## WHAT THIS TASK INVOLVES:
No pictures belong in the copy. Reproduce exactly the lines beginning at the line containing "conductor. Stock Photo" and continuing to the end of the entries below.
%%
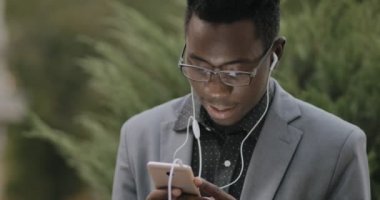 Kulaklıklar açık ile müzik dinlemek Klasik takım elbiseli genç Afrika öğrenci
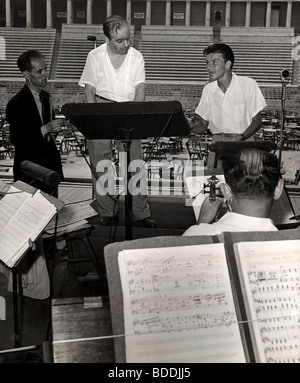 FRANK SINATRA  rehearsing at the Hollywood Bowl in 1943 with Max Steiner, film composer,  as conductor. Stock Photo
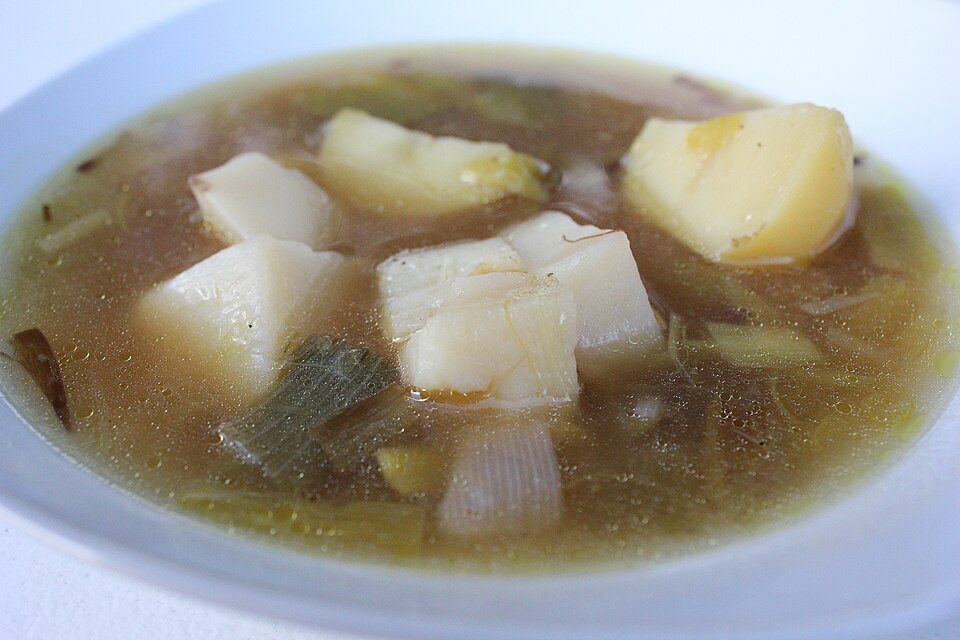A bowl of leek and potato soup in a clear broth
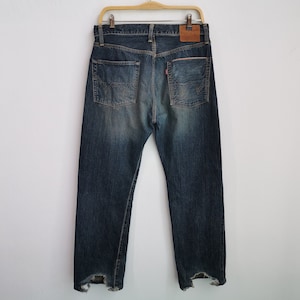 Pu&ograve; includere: Jeans di denim blu con un lavaggio sbiadito, appesi a una gruccia di legno. I jeans hanno un classico design a cinque tasche, una toppa in pelle e dettagli strappati sull'orlo. Le tasche posteriori presentano un motivo di cucitura distintivo.
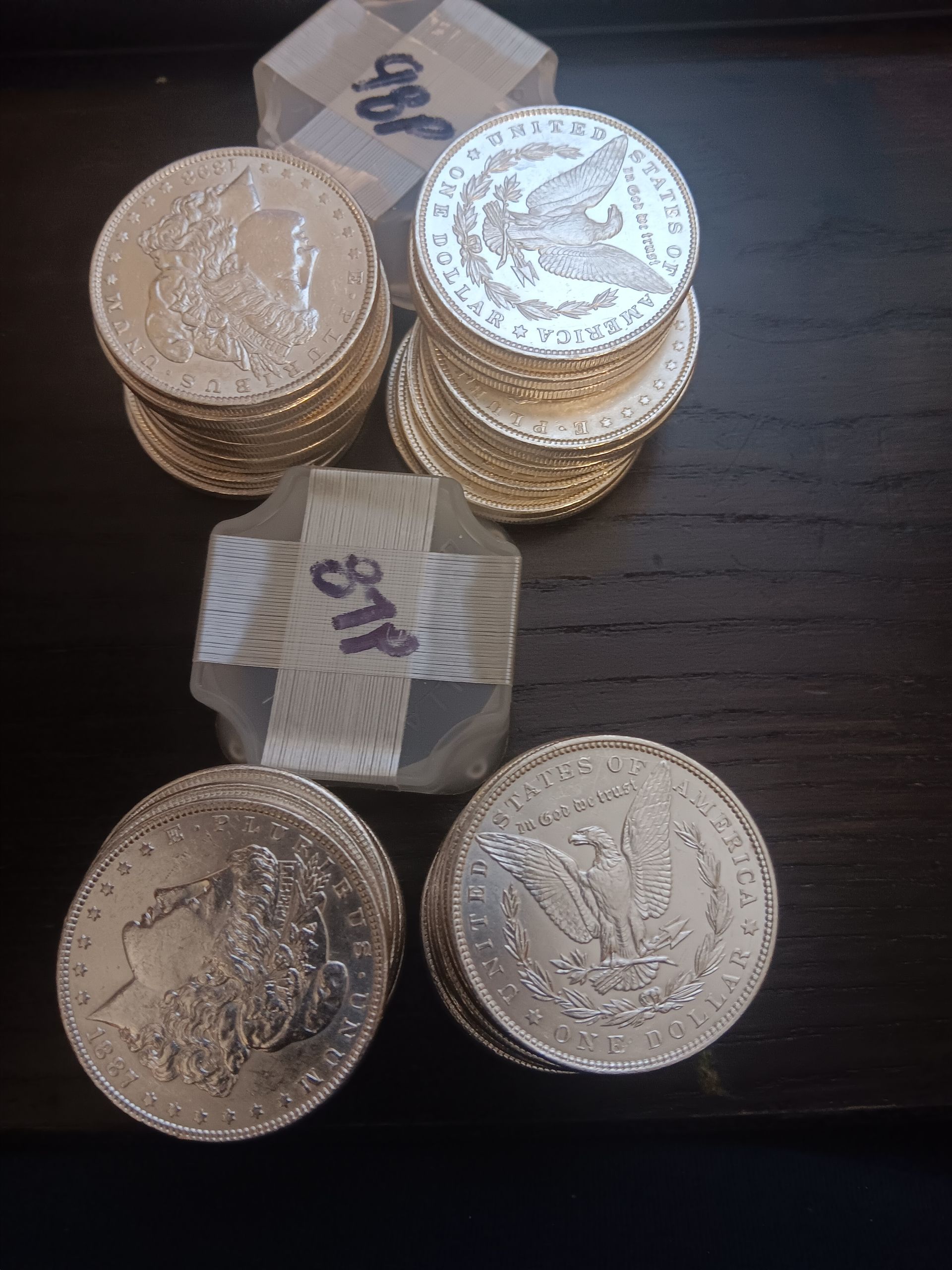 BRILLIANT UNCIRCULATED MIXXED & SOLID DATE ROLLS OF MORGANS AVAILABLE.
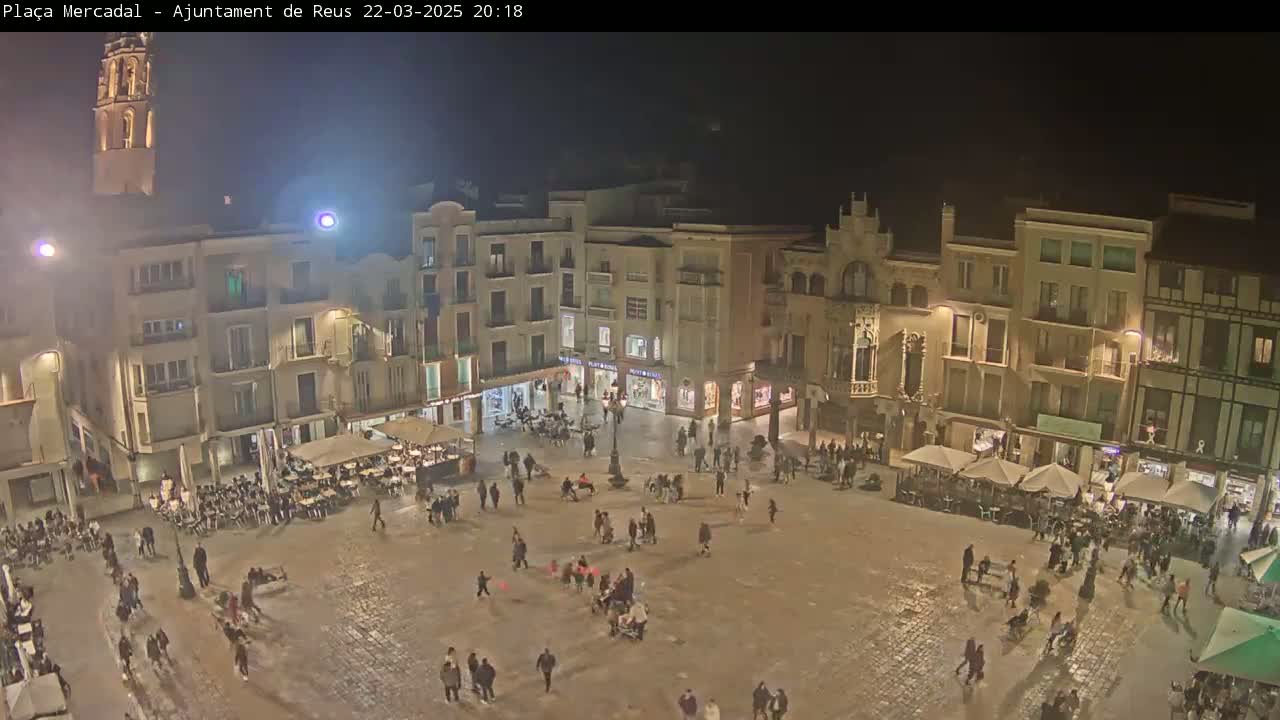 A nighttime view of a town square, filled with people and surrounded by illuminated buildings, under a clear, dark sky.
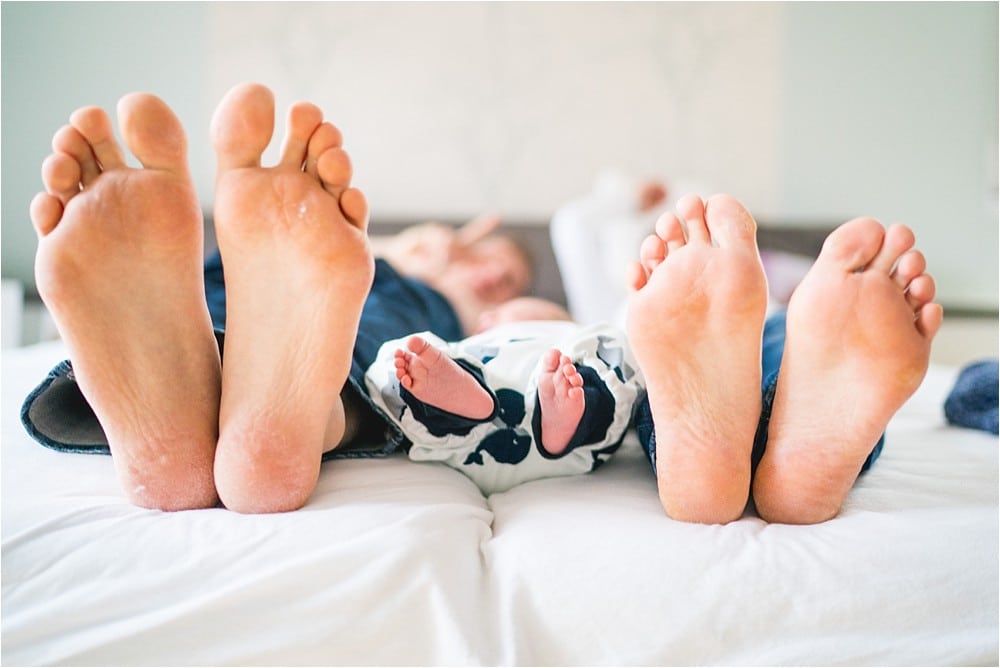 Familienfoto – Füße von Eltern und Neugeborenem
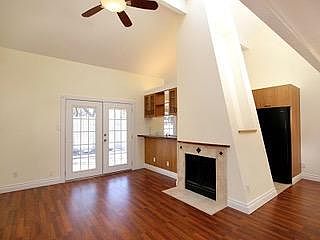 Large family room with kitchen. Large windows and skylight.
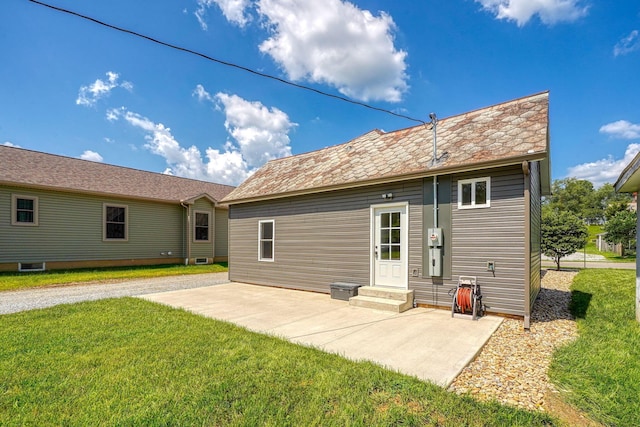 424 N Walnut St, Logan, OH 43138 - rear view of property with a lawn and a patio area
%%
## COMPLETED TASK:
 FRANK SINATRA  rehearsing at the Hollywood Bowl in 1943 with Max Steiner, film composer,  as conductor. Stock Photo
A bowl of leek and potato soup in a clear broth
 Pu&ograve; includere: Jeans di denim blu con un lavaggio sbiadito, appesi a una gruccia di legno. I jeans hanno un classico design a cinque tasche, una toppa in pelle e dettagli strappati sull'orlo. Le tasche posteriori presentano un motivo di cucitura distintivo.
 BRILLIANT UNCIRCULATED MIXXED & SOLID DATE ROLLS OF MORGANS AVAILABLE.
 A nighttime view of a town square, filled with people and surrounded by illuminated buildings, under a clear, dark sky.
 Familienfoto – Füße von Eltern und Neugeborenem
 Large family room with kitchen. Large windows and skylight.
 424 N Walnut St, Logan, OH 43138 - rear view of property with a lawn and a patio area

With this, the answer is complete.